# Stainless steel grill parts



## TheSmJ (Apr 5, 2004)

Anyone know where stainless steel grill parts can be bought?

 I need two 15" (or one 30") stainless steel cooking grids for my grill (Percision Flame 9000), and I don't want to keep buying the usual porcelain coated steel wire ones, as they seem to require replacement every one to two years. I've found some which are made for particular makes/models of grills, but they don’t give the actual dimensions of the grates themselves.  

 Please help!


----------



## -DEADLY SUSHI- (Apr 5, 2004)

here are your grill specs     :

Two piece set of cast iron cook grids for 9000 series. Combined size: 14 3/4 by 29 1/4 inches. Individual sizes of the cast iron cook grids are 14 3/4 by 14 3/4 inches. They combine to fit the 9000 series grill.

 For stainless steel grill parts call: 
CLA Grills and Service : (501) 821-4050

 ALSO-- you could call Char-Broil (the maker of your grill) at:
U.S. Consumer Service: 800-241-7548
General Offices: 706-571-7000
Replacement Parts: 800-992-2677

Ask if they have a stainless grate that matches your grill specs.   

GOOD LUCK!


----------



## scott123 (Apr 5, 2004)

May I make a suggestion regarding stainless steel?

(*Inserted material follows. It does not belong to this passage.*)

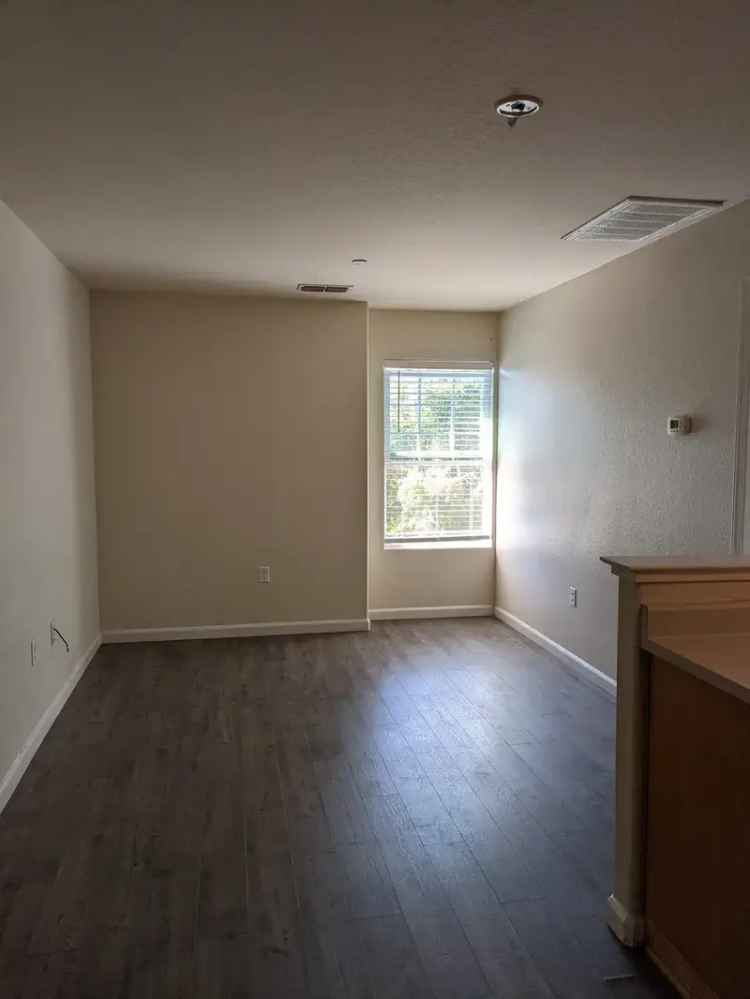 Rent One Bedroom Apartment in Downtown Lincoln with Modern Features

Stainless steel has the abosolute worst thermal conductivity of all metals used for cooking.  If I'm going to grill my food, I like grill marks. Depending on your BTU output you might get some sort of grill marks with stainless steel, but nothing compared to iron or porcelain covered steel.


----------



## BubbaGourmet (Apr 5, 2004)

If you do not live near salt water, cast iron is an excellent grill material. They aren't cheap but they cook super well.


----------



## scott123 (Apr 6, 2004)

And Deadly Sushi, that's an impressive amount of homework there.  Do you own this model of grill are were you in just in the mood to be helpful?


----------